* Available data *
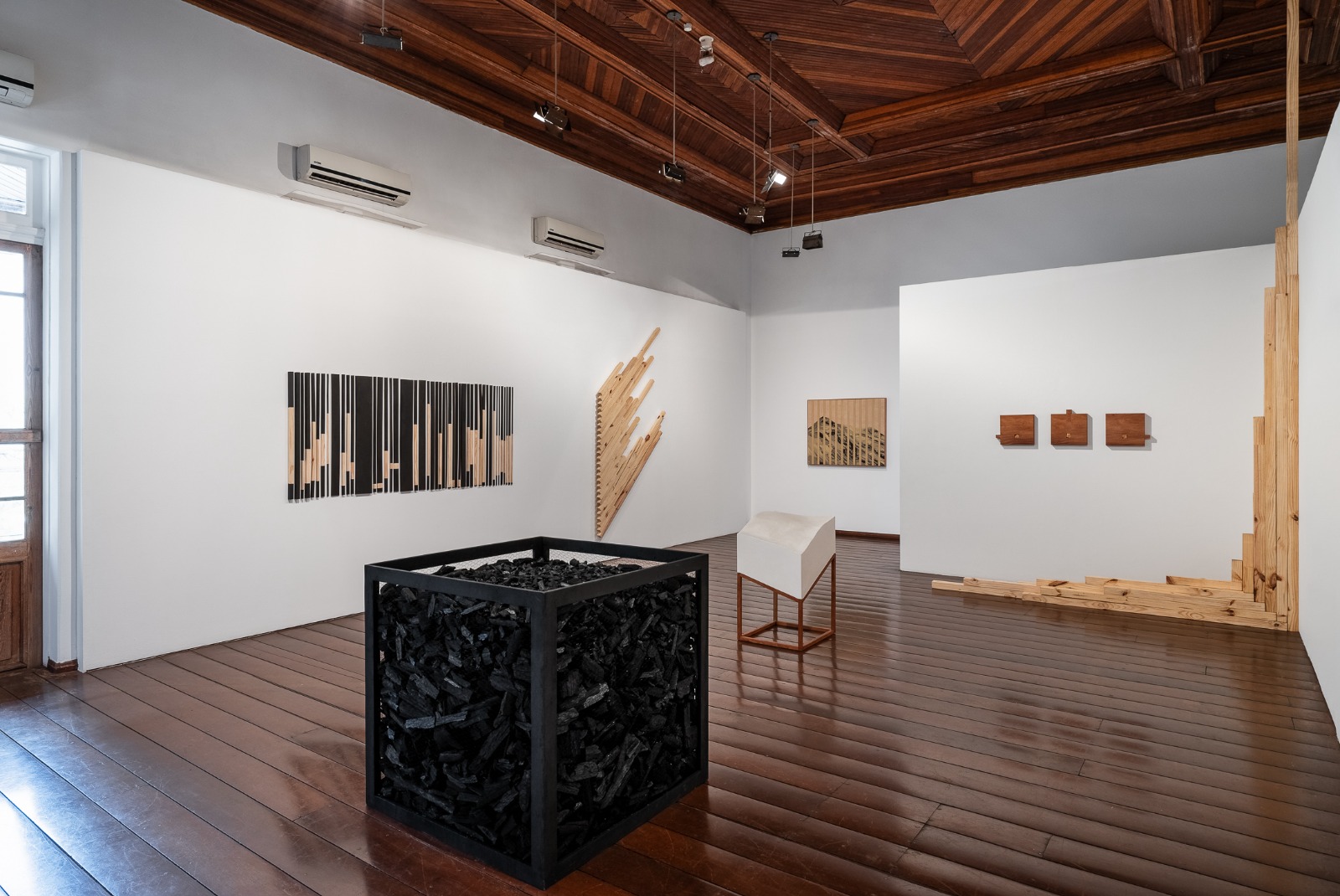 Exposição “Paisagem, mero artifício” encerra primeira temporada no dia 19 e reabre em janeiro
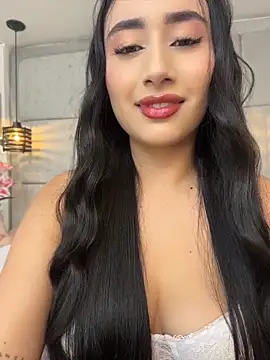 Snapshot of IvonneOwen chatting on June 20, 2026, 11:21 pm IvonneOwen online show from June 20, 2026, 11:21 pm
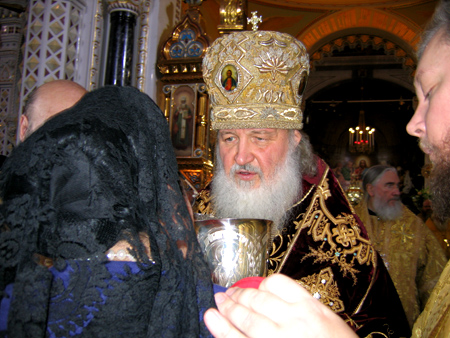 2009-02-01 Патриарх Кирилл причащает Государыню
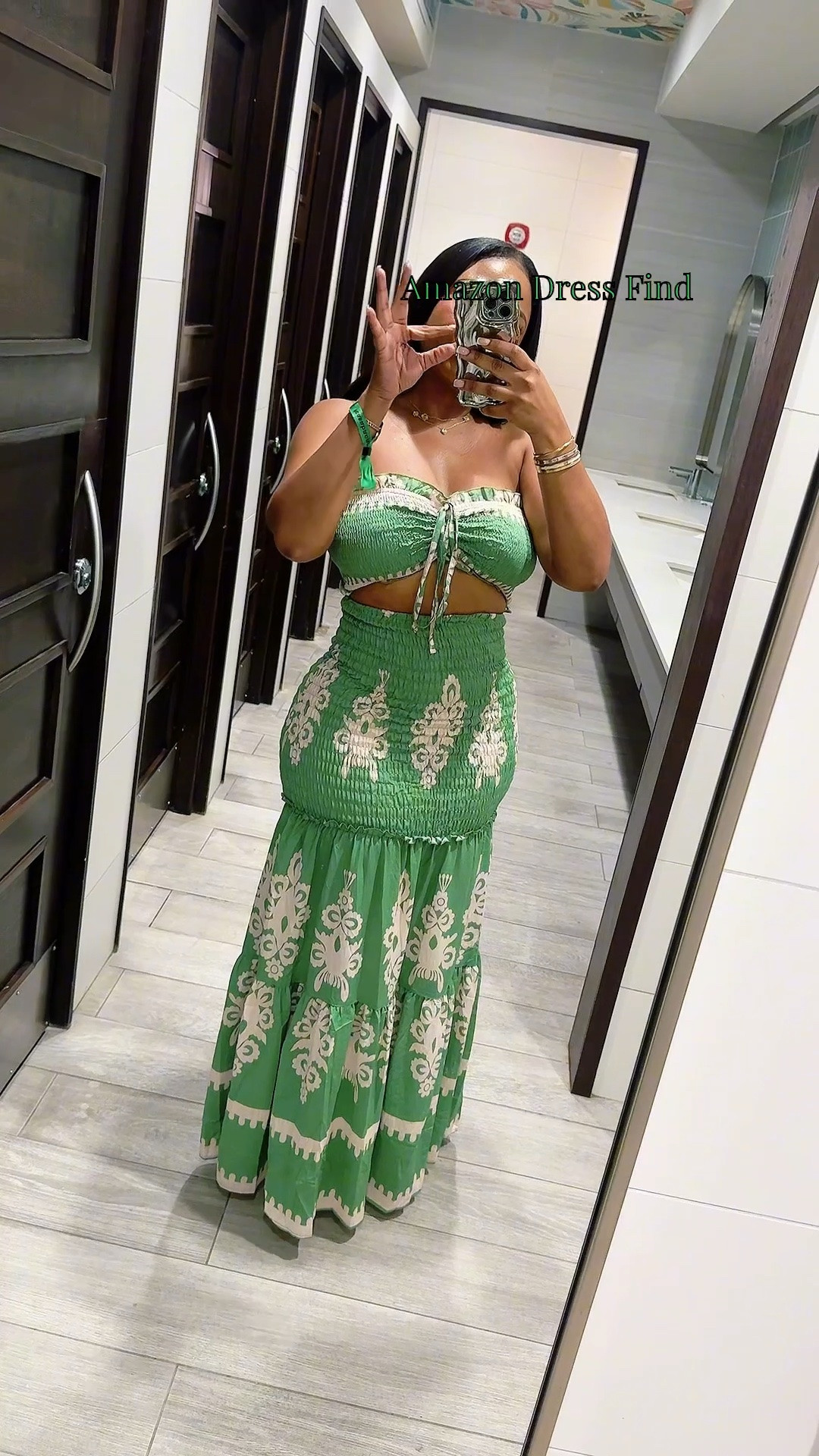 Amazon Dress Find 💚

* What you will do *
Transcribe the listing verbatim, pictures excluded.

* Exercise result *
 Exposição “Paisagem, mero artifício” encerra primeira temporada no dia 19 e reabre em janeiro
 Snapshot of IvonneOwen chatting on June 20, 2026, 11:21 pm IvonneOwen online show from June 20, 2026, 11:21 pm
 2009-02-01 Патриарх Кирилл причащает Государыню
 Amazon Dress Find 💚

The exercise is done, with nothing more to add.